The voter ID law caused a lot of confusion at the polls during this year’s election. There were even lawsuits filed, but the fight over voter ID was already sure to stay alive in the courts.
In fact, the seemingly endless battle over the Texas voter ID law might get more complicated.
Matt Williams, a lawyer in here in Austin, says when he voted early in Dripping Springs, both he and the poll workers there didn’t know the new voter ID rules.
“I haven’t really been keeping up with voter ID. I knew that there had been a legal challenge to it that involved the State of Texas,” he said. “But I didn’t know any details. I don’t do election law and I have a pretty busy practice, so I wasn’t keeping track of what the rules were and what the result was of that suit.”
That confusion was widespread and spurred a new lawsuit in San Antonio just prior to Election Day.

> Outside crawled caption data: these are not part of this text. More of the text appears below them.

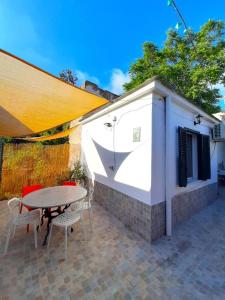 Orange house- Ciraccio Beach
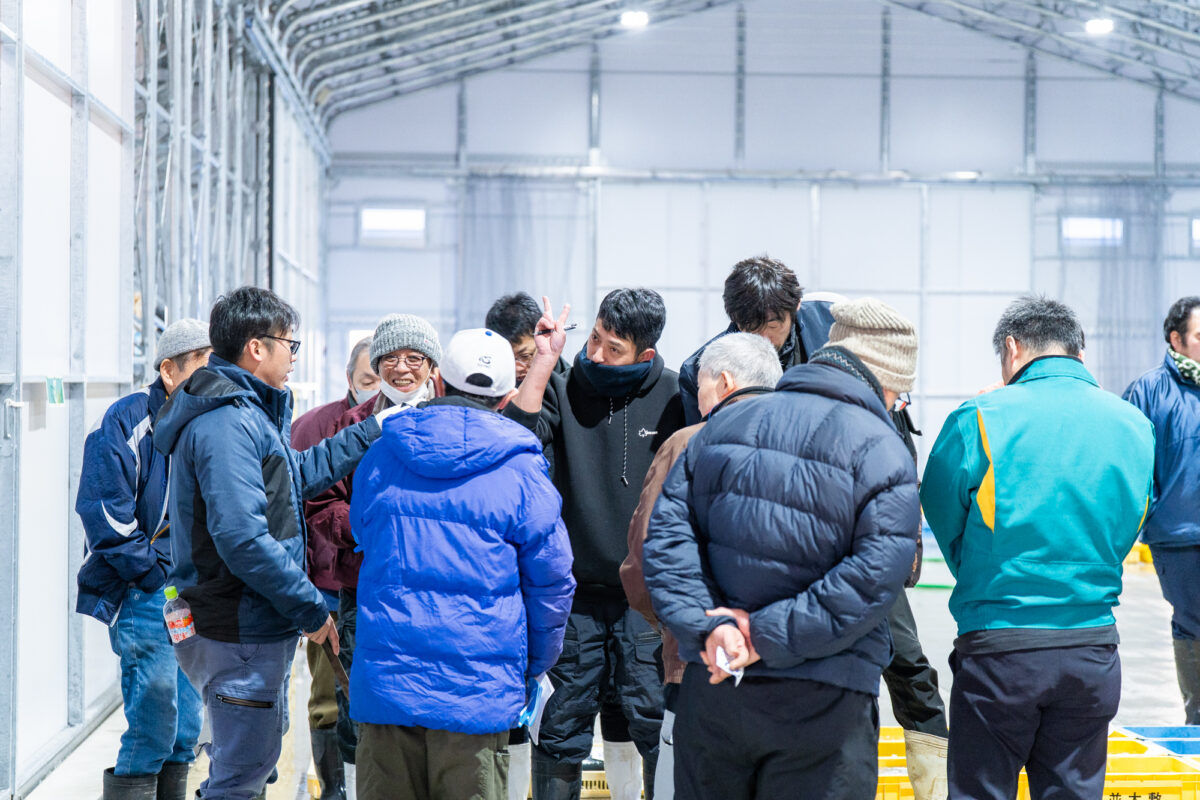 競りの最中の中小路さんは、いきいきとしていた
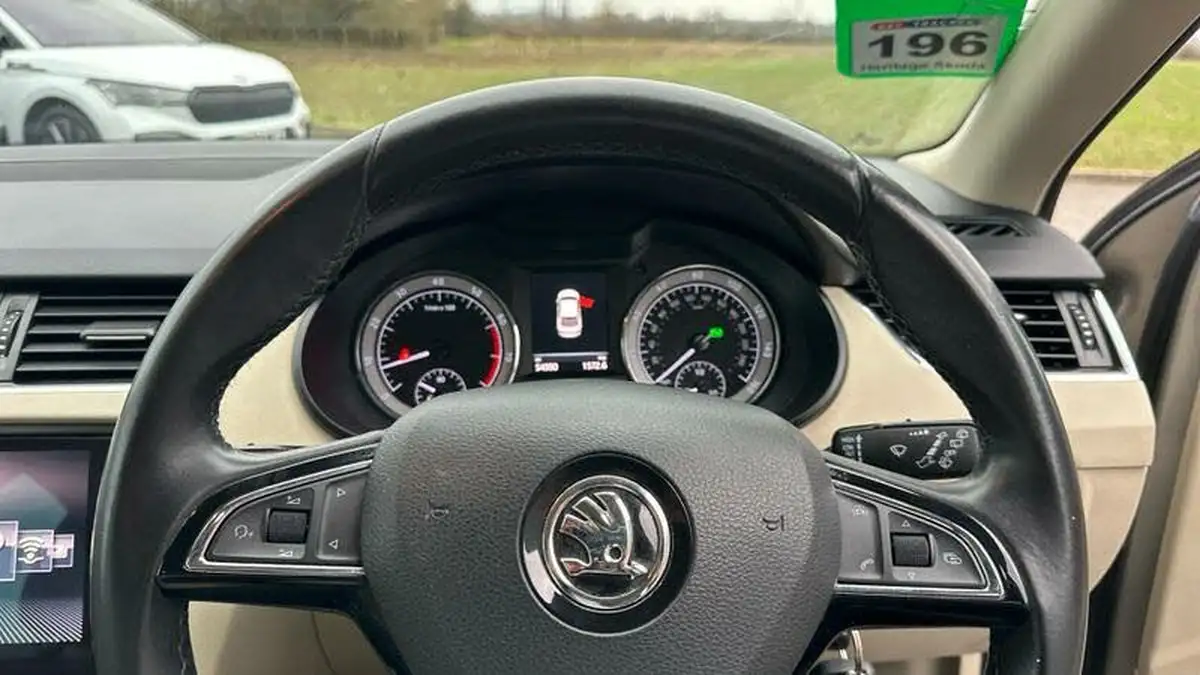 2017-skoda-octavia-14-tsi-se-l-hatchback-dsg-big-12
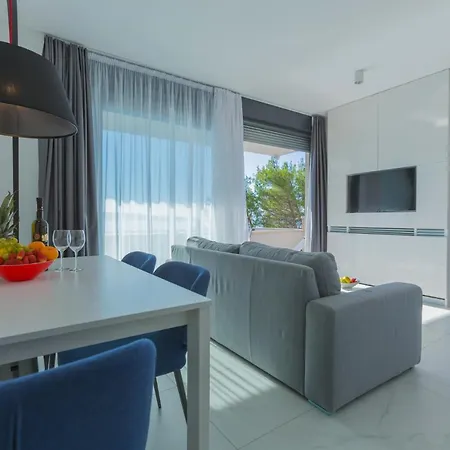 Allegra Luxury Apartment Pisak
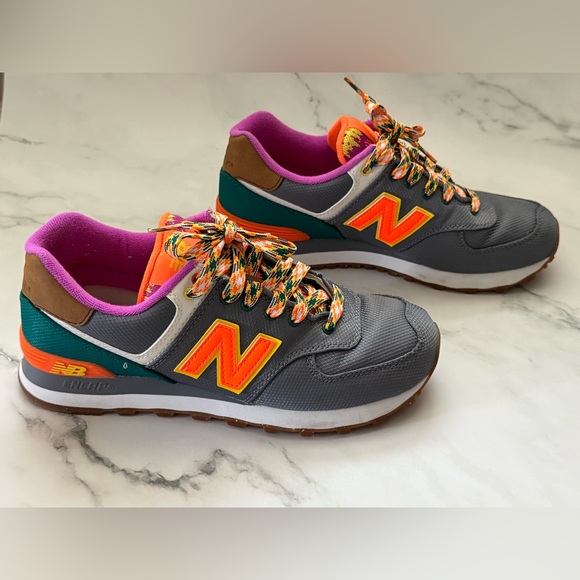 New Balance 574 Gray Neon Size 8 - Picture 3 of 9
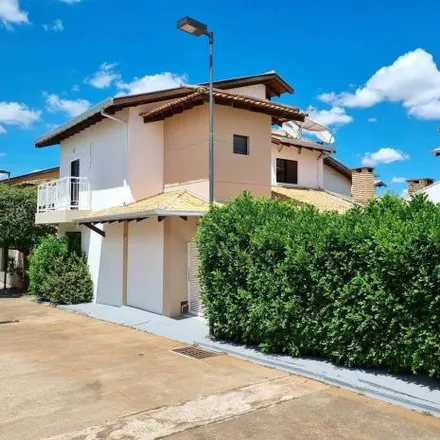 Rent this 3 bed house on Ciclovia da Afonso Pena in Amambaí, Campo Grande - MS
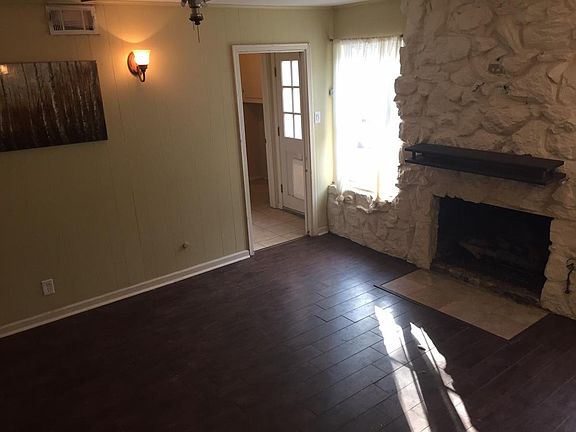2nd Living area, lower level, gas fire place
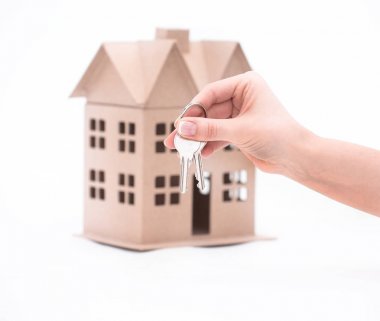 Emlakçı özellik veya beyaz bir müşteri için yeni ev anahtarları ver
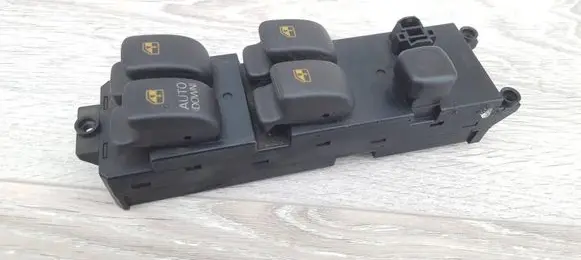 Mitsubishi Lancer Electric window control switch MB960378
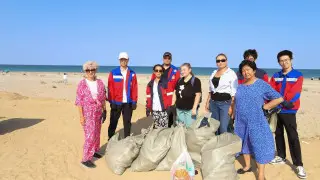 Жители Актау вышли на расчистку побережья Каспия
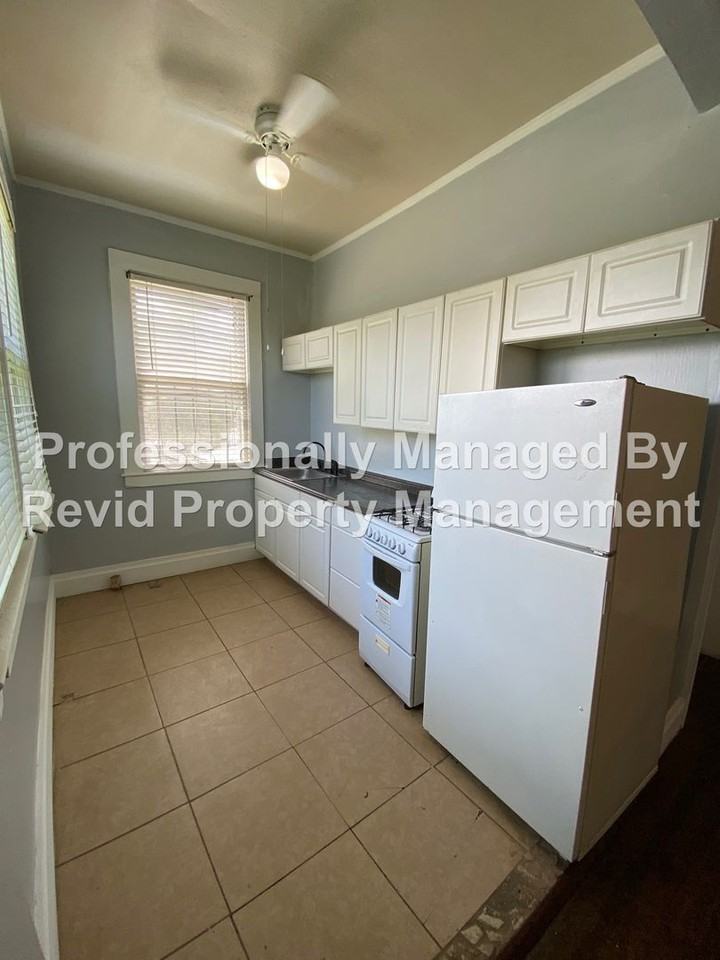 1435 Madison Ave #6 - Photo 6 of 11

The rules are that you could vote without a photo ID, if you showed some documents, like a utility bill with your current address, and signed a form. Those rules were the result of a lawsuit and ruling by a federal appeals court, which found the state’s law discriminated against minorities. Ezra Rosenberg is one of the lawyers representing the people challenging the law. He says, even after the election, that lawsuit is still moving forward on two other tracks.
“One is Texas’ petition for certiorari to the United States Supreme Court, at the same time the district court Judge Ramos has set a schedule for the briefing and argument for the discriminatory intent claim,” Rosenberg said.
That means the U.S. Supreme Court can decide to weigh in on that last ruling. And, separately, another federal court can go farther in striking down the state’s law, if it finds the law was created with the purpose of discriminating.
Although, Rosenberg says one won’t exactly affect the other.
“Right now they are running in parallel and no one has made a motion to stay the proceedings before Judge Ramos,” he said. “Right now, we are assuming we are moving full speed ahead on the intent issue.”
Further complicating things is the fact that the Texas legislative session starts in January. Lt. Gov. Dan Patrick has made voter ID one of his top 10 priorities.
Jen Clark with the Brennan Center, which is also representing the plaintiffs in the intent case, says state lawmakers should proceed with caution.
“I hope that the legislature pays attention to all the complaints, including the subsidiary lawsuit that came from voters throughout the course of early voting and election day about just kind of mess and confusion of this law on the ground,” she said.
And, if there are any special elections in the interim – like the special election to replace Dawnna Dukes in Austin's Texas House District 46 – lawyers say voters will likely use the same voter ID rules used during this past election.